Moreover, the successful integration of deep learning models into the livestock management workflow would require significant investment in infrastructure, skills development, and change management. This includes not only the physical infrastructure for data storage and processing but also the software infrastructure for data management, model development, and deployment. Skills development is another critical aspect, as it requires the training and upskilling of staff to effectively use and manage the advanced analytics solutions. Change management, on the other hand, involves managing the organizational changes associated with the adoption of new technologies and practices.
In addition to these challenges, the interpretability of model predictions is another critical issue. Deep learning models, often referred to as ‘black boxes’, can make highly accurate predictions but may not provide clear explanations for their predictions. This lack of interpretability can be a significant barrier to the adoption of deep learning in the agrifood sector, where decision makers often need to understand the reasons behind the predictions to make informed decisions. Despite these challenges, the potential benefits of adopting advanced analytics and deep learning in dairy livestock export are immense. These benefits extend beyond improved operational efficiency and productivity to include enhanced animal welfare, more sustainable farming practices, and increased competitiveness in the global market. By providing real-time, accurate, and actionable insights, advanced analytics can enable farmers and exporters to make better-informed decisions, optimize their operations, and respond more effectively to market trends and changes.
Moreover, by improving the tracking and monitoring of animal health and welfare, advanced analytics can contribute to higher standards of animal welfare and more ethical farming practices. This, in turn, can enhance the reputation and brand value of dairy livestock exporters, making them more attractive to consumers and investors who value sustainability and animal welfare.

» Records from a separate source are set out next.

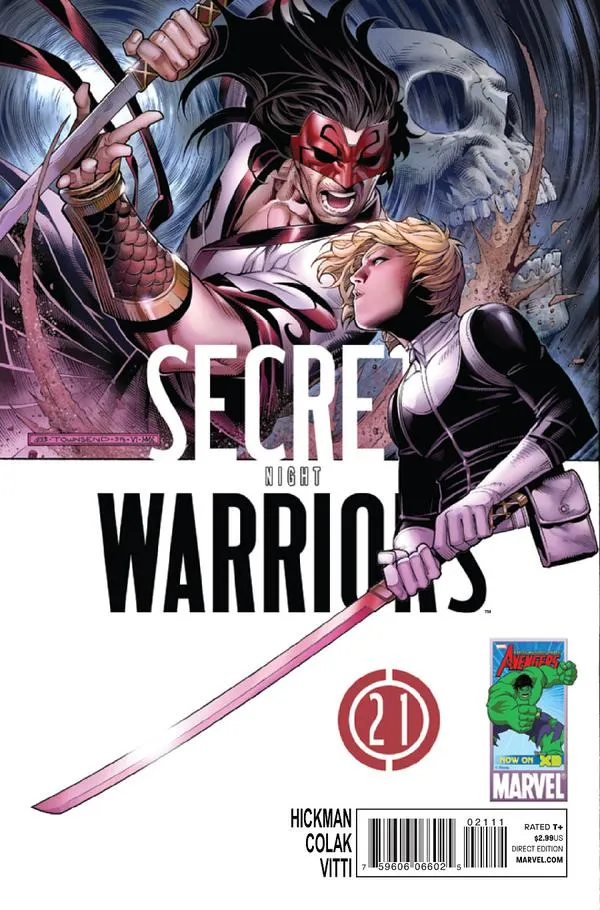 Cover of Secret Warriors #21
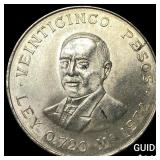 1972Mo Mexico Silver 25 Pesos .520oz ASW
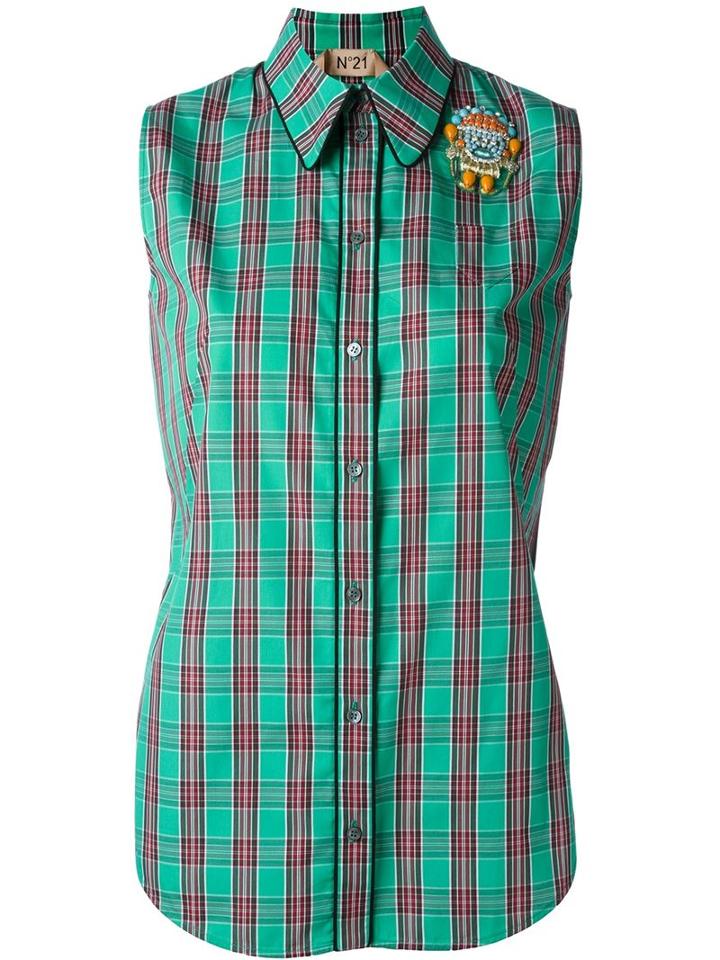 No21 Embellished Sleeveless Shirt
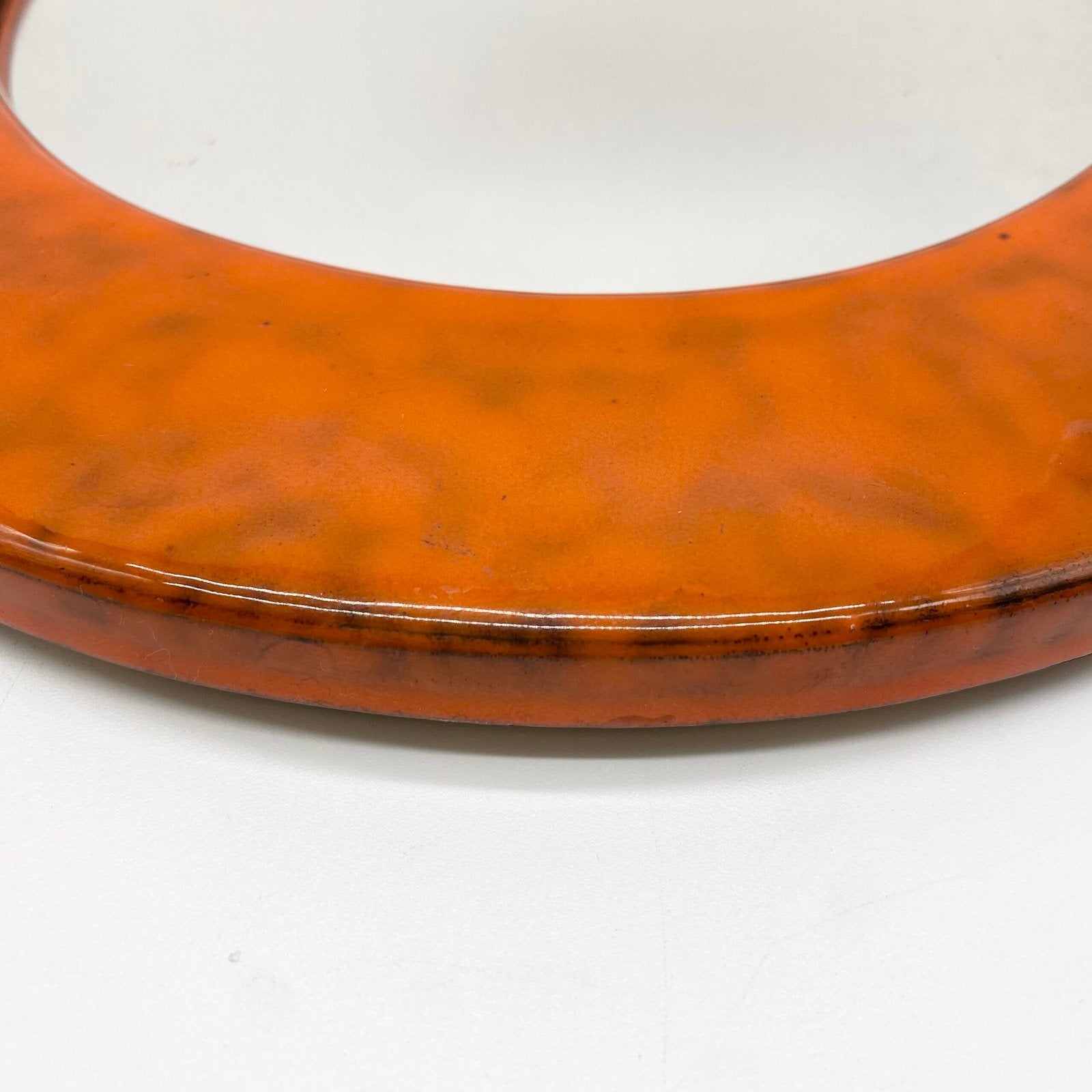 MIROIR CÉRAMIQUE GLAÇURE "ORANGE", 1960s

While the path towards advanced analytics in dairy livestock export is challenging, the potential benefits in terms of improved efficiency, animal welfare, and profitability make it a journey worth undertaking. As researchers, developers, and industry stakeholders continue to explore and innovate in this space, the future of dairy livestock export looks set to be increasingly data driven, intelligent, and sustainable. The journey towards this future will require not only technological innovation but also a collaboration and partnership among various stakeholders, including farmers, exporters, technology providers, researchers, and policymakers. By working together, these stakeholders can overcome the challenges and unlock the full potential of advanced analytics in dairy livestock export.
4. The Intersection of Sensor Technologies and Artificial Intelligence: A Closer Look
Sensor technologies and AI form a critical intersection in modern livestock management. Sensors provide a way to collect real-time data from livestock. The vast amounts of data collected can be overwhelming and seemingly chaotic, which is where AI steps in, decoding these massive data sets, identifying patterns, and providing actionable insights [ 37 ].
4.1. Sensor Technologies
Sensor technologies can be categorized into two types: wearable devices and environment-based sensors. Wearable sensors are devices attached directly to the animal. They may track physiological parameters (e.g., heart rate, body temperature), behavioral traits (e.g., feeding patterns, movement), and other relevant indicators of an animal’s health and welfare [ 38 ].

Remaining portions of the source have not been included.